Aujourd’hui Ehrmann s’appelle Bucher, à moins que Bucher ne se soit autrefois appelé Ehrmann. Tout le monde connaît maintenant le docteur Bucher. Ceux qui, au banquet du 22 novembre dernier, ont entendu le toast de M. Millerand, savent à quelle valeur sont prisés par un politique éminemment réaliste les services rendus avant, pendant et après la guerre par cet esprit à la fois si souple et si puissant, servi par tant de séductions, par ce personnage singulier et prenant que j’ai présenté naguère aux lecteurs de la Revue sous un voile mystérieux, encore que transparent.

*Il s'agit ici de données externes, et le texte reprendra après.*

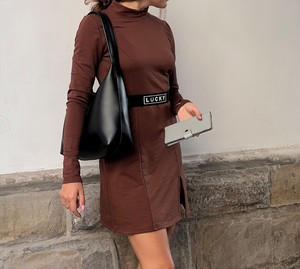 Nouveau grand sac à main à bandoulière en cuir véritable pour femmes fermeture à glissière bon prix organisateurs d'emballage de bagages Logo-LHB-0042 personnalisée - Product Image 1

Bucher parlait au nom des étudiants alsaciens qui subirent les Herren Professoren et les durent digérer ad majorem Galliae gloriam. Ces Celtes aujourd’hui éclatent de joie : familiers avec la demeure où nous pénétrions, ils nous y guident avec une triomphante allégresse. Cantonnés dans leur cercle, ils constituaient, en cette Université de Strasbourg, un bataillon toujours sur la défensive, — sauf quand, ainsi qu’aux Variétés, ils se ruaient, avec une terrible fureur, contre l’étudiant Masure, Vandale, Suève ou Teuton. C’est aux tout derniers de ces étudiants récalcitrants que Sa Magnificence le Prorecteur Rahm adressait en 1912 cette admonestation : « Depuis quelque temps, nous remarquons que vous ne venez pas à nous dans un esprit libre d’arrière-pensées. Notre devoir est de vous mettre en garde contre les dangers auxquels vous vous exposeriez en regardant du côté des Vosges et en vous laissant aller à des illusions qui ne deviendront jamais des réalités. » — Admirable témoignage du danger pour un Prorecteur d’être trop affirmatif et des craintes qu’inspirait, plus encore en 1912 qu’en 1902, la jeunesse alsacienne à l’usurpateur.